Taylor, Dillon and Tomei: drinks all around
A slow day moving into a slow night: Casting Matt Dillon as Charles Bukowski’s alter ego, Henry Chinaski, in Factotum (2006) initially seemed dicey: wasn’t the actor too healthy, buff and handsome to be playing an unemployable barfly artiste milling about the tenderloin district of humanity? As it turns out, Matt wears rosacea well. Shot in some marvelously dilapidated sections of Minneapolis, the film is a retread of the author’s boozy vignettes used earlier in Barbet Schroeder’s Barfly (1987). But Dillon’s character is far less theatrical than Mickey Rourke’s was in that cherished cult hit.
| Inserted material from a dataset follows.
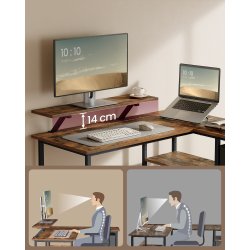 Hj�rneskrivebord med sk�rmstativ - rustik brun 105x115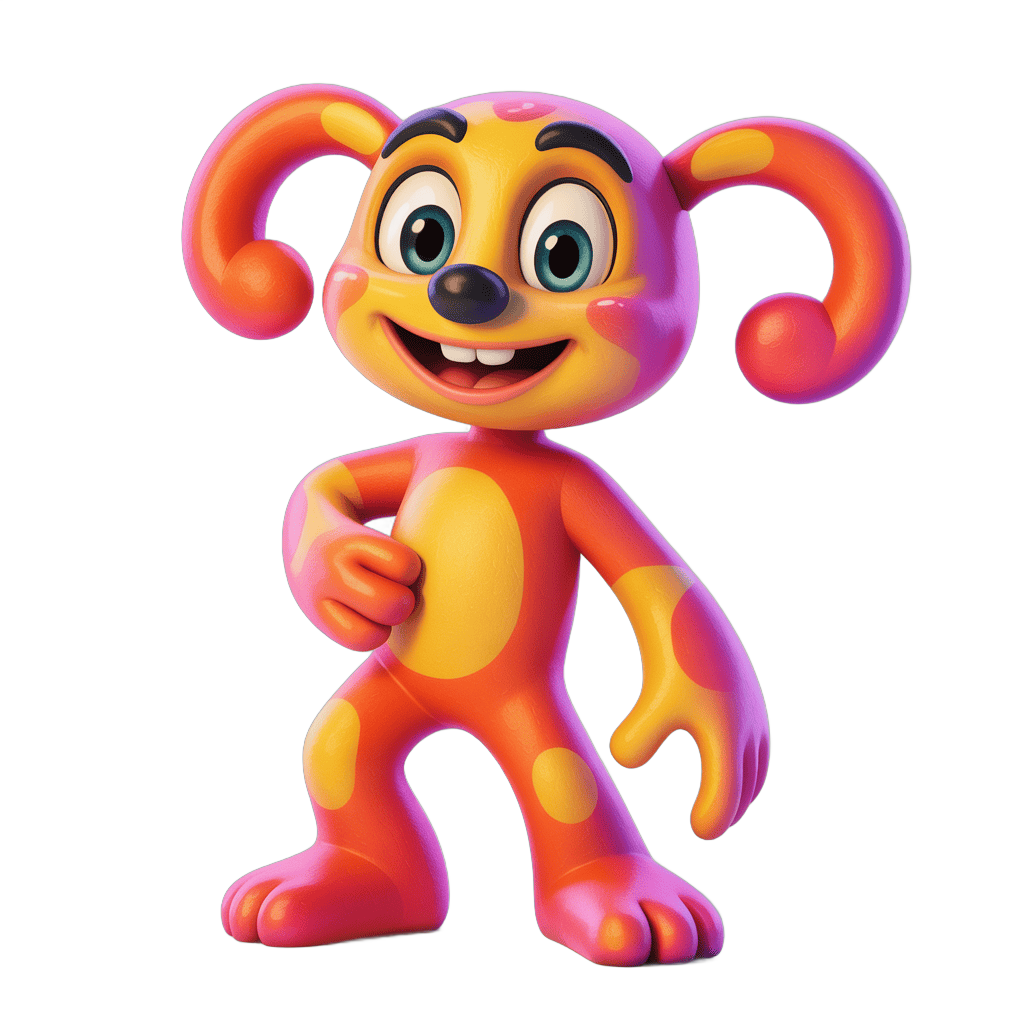 Colorful cartoon monkey character with curly ears standing cheerfully for children illustrations PNG - transparent background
Producer Jim Stark and director Bent Hamer take a deadpan approach to Bukowski’s wild, poetic soul and come up with a portrait of the artistic process that’s both gritty and charming. With Lili Taylor and Marisa Tomei.Neal, Eggar and Jurgens: love is blind
Denial is the longest river in the world: Before he was exiled to mediocrity in television, director Alexander Singer caught my attention with his debut feature, A Cold Wind in August (1961). A back alley romance between a young man and an older stripper, it had depth and sensitivity…to say nothing of some excellent photography by Floyd Crosby and a wonderful performance by Lola Albright. It also kept me on the lookout for Singer’s second feature, Psyche 59 (1964), which played recently as part of a Patricia Neal festival on TCM. I’d like to report that the wait was worth all those years of anticipation, but that’s not the case. While it has an intriguing premise—Neal suffers psychosomatic blindness as a metaphor for living in denial over her husband’s attraction to her nymphomaniac sister—Singer wastes the first hour on turgid, meandering soap opera. By the time we get to her breakthrough, it’s too little too late. Sad, because the last twenty minutes are rather compelling. Meanwhile, I have no idea what the title refers to. With Curt Jurgens and Samantha Eggar.